From: Theodore Tso <tytso@MIT.EDU>
Subject: Re: What to do when the journal checksum is incorrect
Date: Sun, 25 May 2008 07:38:42 -0400
Message-ID: <20080525113842.GE5970@mit.edu>
References: <E1K02Jh-0002wf-2e@closure.thunk.org> <20080525063024.GG3516@webber.adilger.int>
Mime-Version: 1.0
Content-Type: text/plain; charset=us-ascii
Cc: linux-ext4@vger.kernel.org,
	Girish Shilamkar <Girish.Shilamkar@sun.com>
To: Andreas Dilger <adilger@sun.com>
Content-Disposition: inline
In-Reply-To: <20080525063024.GG3516@webber.adilger.int>
Sender: linux-ext4-owner@vger.kernel.org

On Sun, May 25, 2008 at 12:30:24AM -0600, Andreas Dilger wrote:
> I don't agree with this at all.  With the exception of the checksum
> error being in the last transaction, there is a danger of complete
> garbage being checkpointed into the filesystem if the checksum is bad.
> The alternative to not replay the rest of the transactions at worst
> has some probability that newer versions of the blocks were checkpointed
> into the filesystem before it crashed.
> 
> You are proposing that we write some blocks which we know to be garbage
> directly into the filesystem metadata instead of leaving some unordered
> writes in the filesystem to be fixed (as happens with ext2 all of the time).

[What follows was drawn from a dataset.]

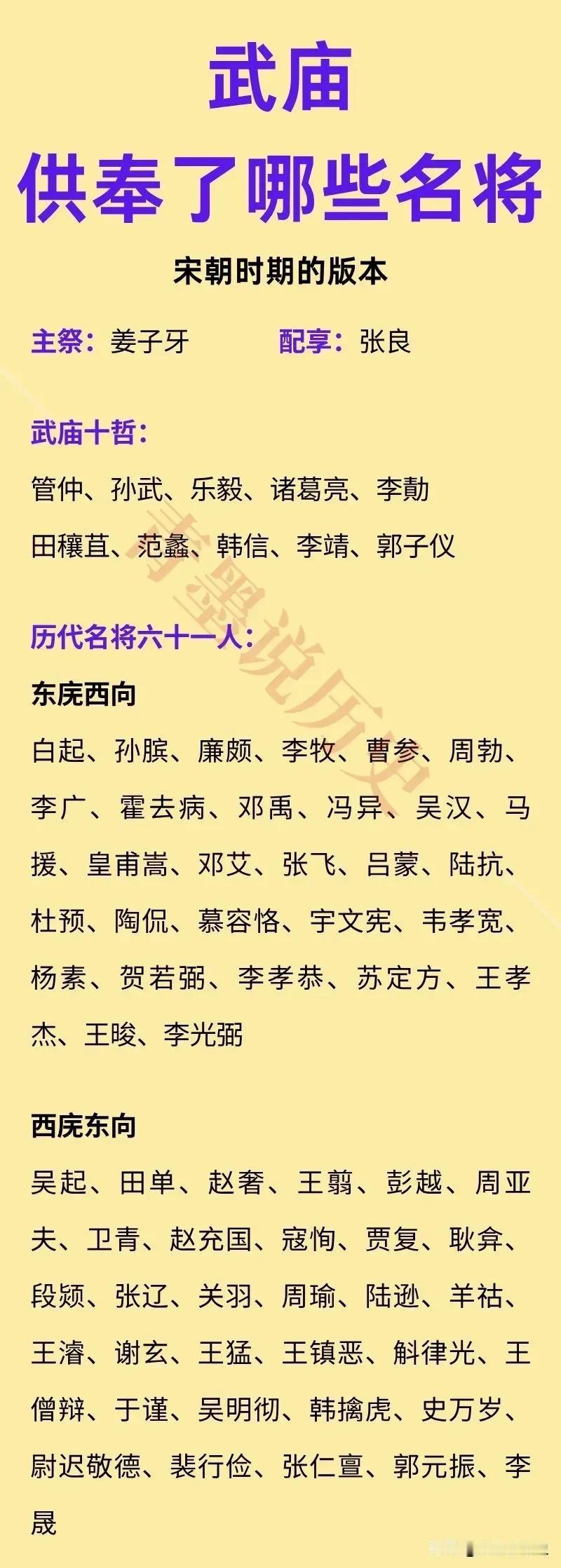 武庙十哲中，有5位是出自春秋战国时期，这个时期战乱频繁，各诸侯持续了数百年的争斗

Well, what are the alternatives?  Remember, we could have potentially
50-100 megabytes of stale metadata that haven't been written to
filesystem.  And unlike ext2, we've deliberately held back writing
back metadata by pinning it so, things could be much worse.  So let's
tick off the possibilities:

* An individual data block is bad --- we write complete garbage into
  the filesystem, which means in the worst case we lose 32 inodes
  (unless that inode table block is repeated later in the journal), 1
  directory block (causing files to land in lost+found), one bitmap
  block (which e2fsck can regenerate), or a data block (if data=jouranalled).

* A journal descriptor block is bad --- if it's just a bit-flip, we
  could end up writing a data block in the wrong place, which would be
  bad; if it's complete garbage, we will probably assume the journal
  ended early, and leave the filesystem silently badly corrupted.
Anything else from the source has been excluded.